*PROBLEM TO WORK ON*: The reply is a verbatim copy of the listing below with its images dropped.
-------- THE INPUT
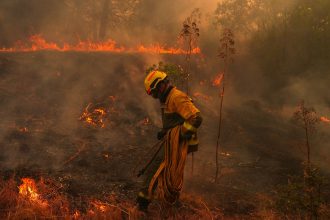 España en llamas: más de 100,000 evacuados por el peor incendio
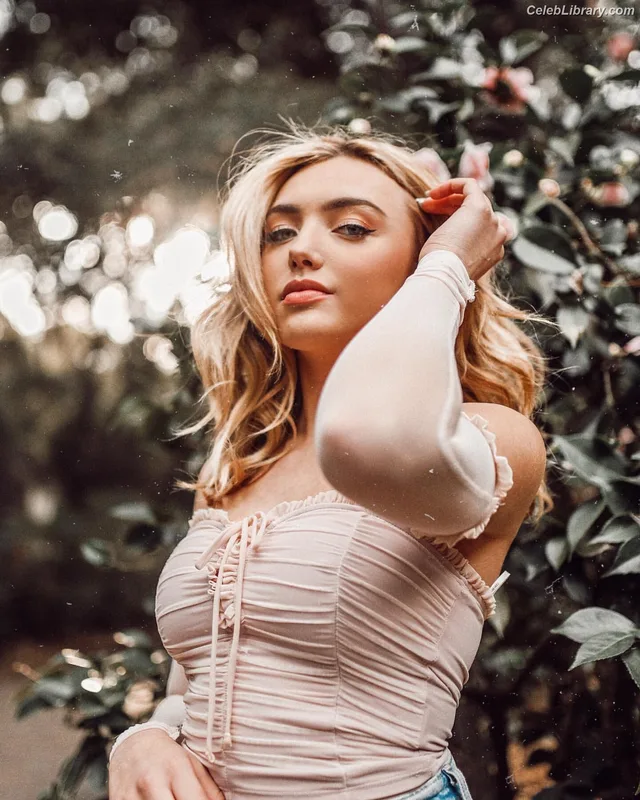 Peyton List photo 22 of 1015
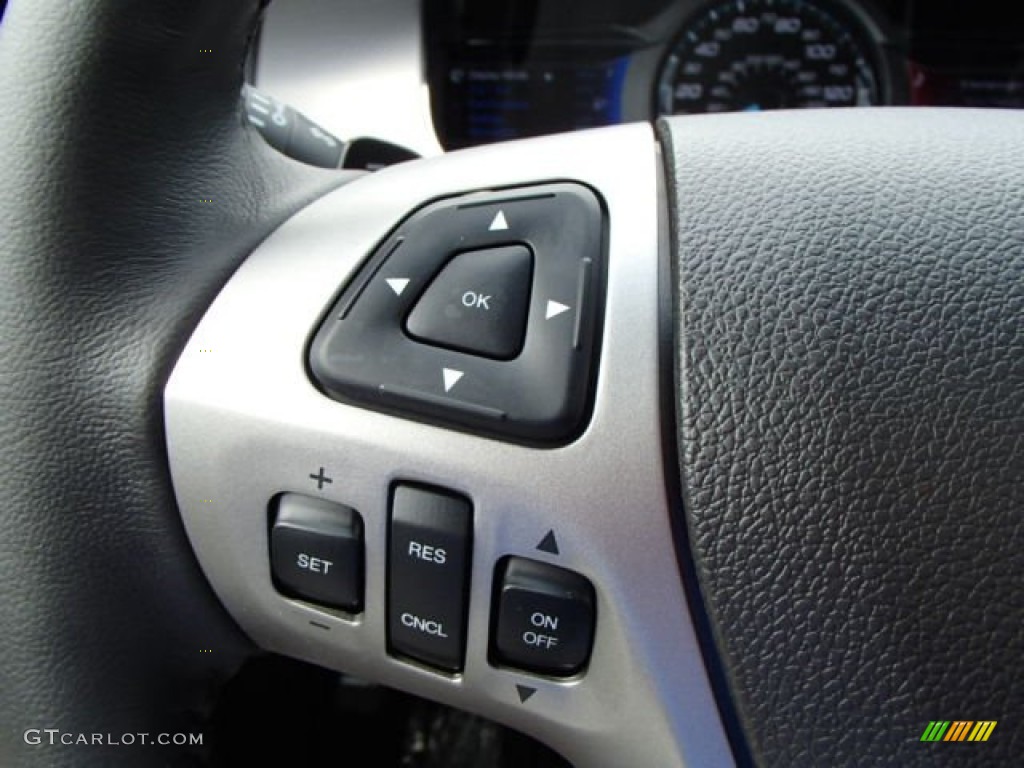 2013 Ford Taurus SHO AWD Controls Photo #81611263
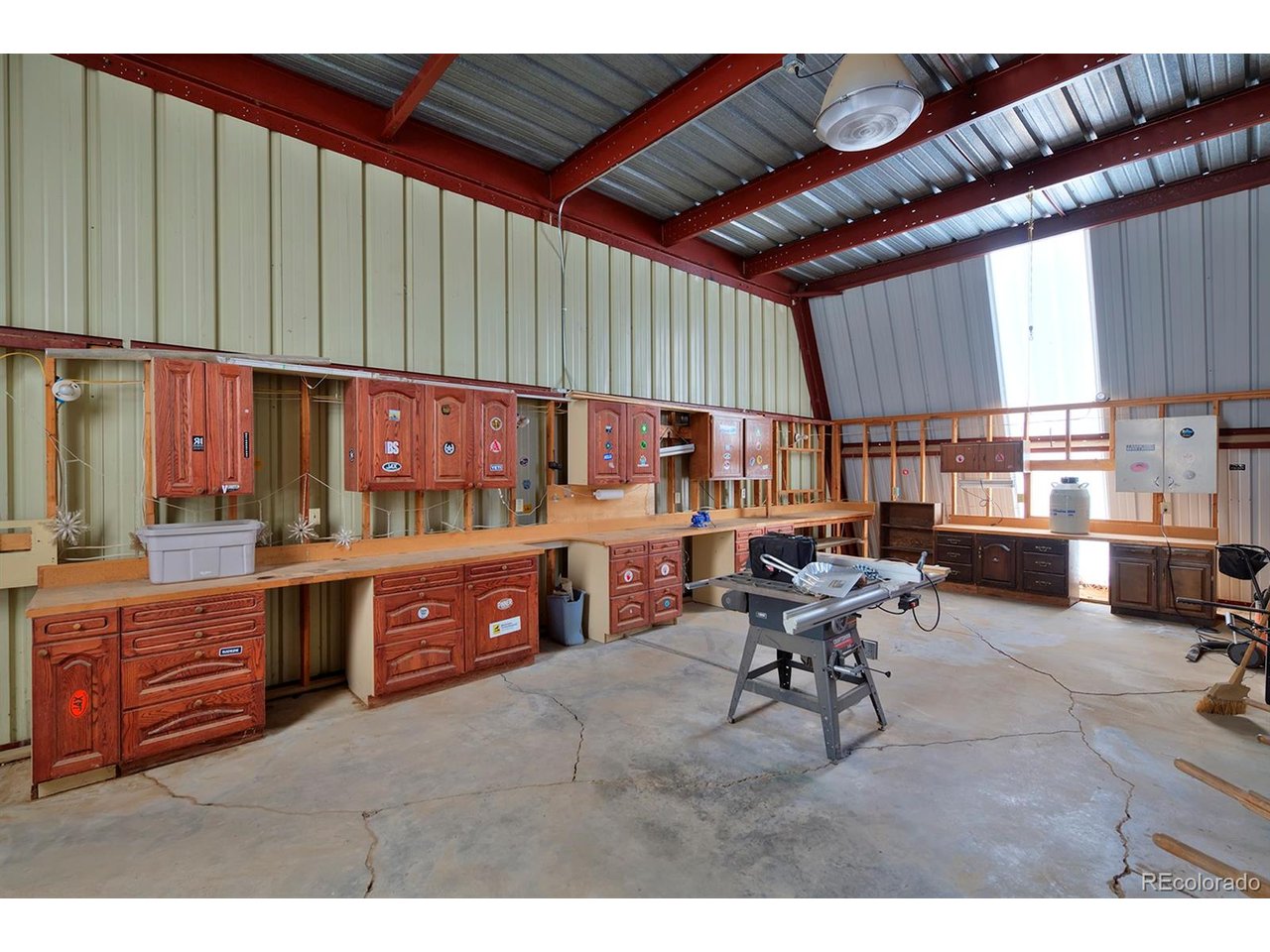 1525 S County Road 27E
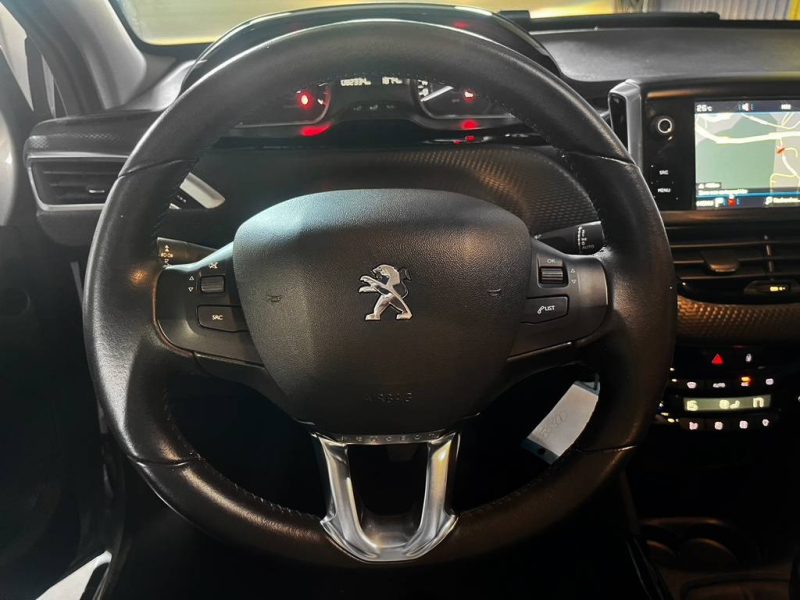 PEUGEOT 2008 2019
----------------
*SOLVED PROBLEM*:
 España en llamas: más de 100,000 evacuados por el peor incendio
 Peyton List photo 22 of 1015
 2013 Ford Taurus SHO AWD Controls Photo #81611263
 1525 S County Road 27E
 PEUGEOT 2008 2019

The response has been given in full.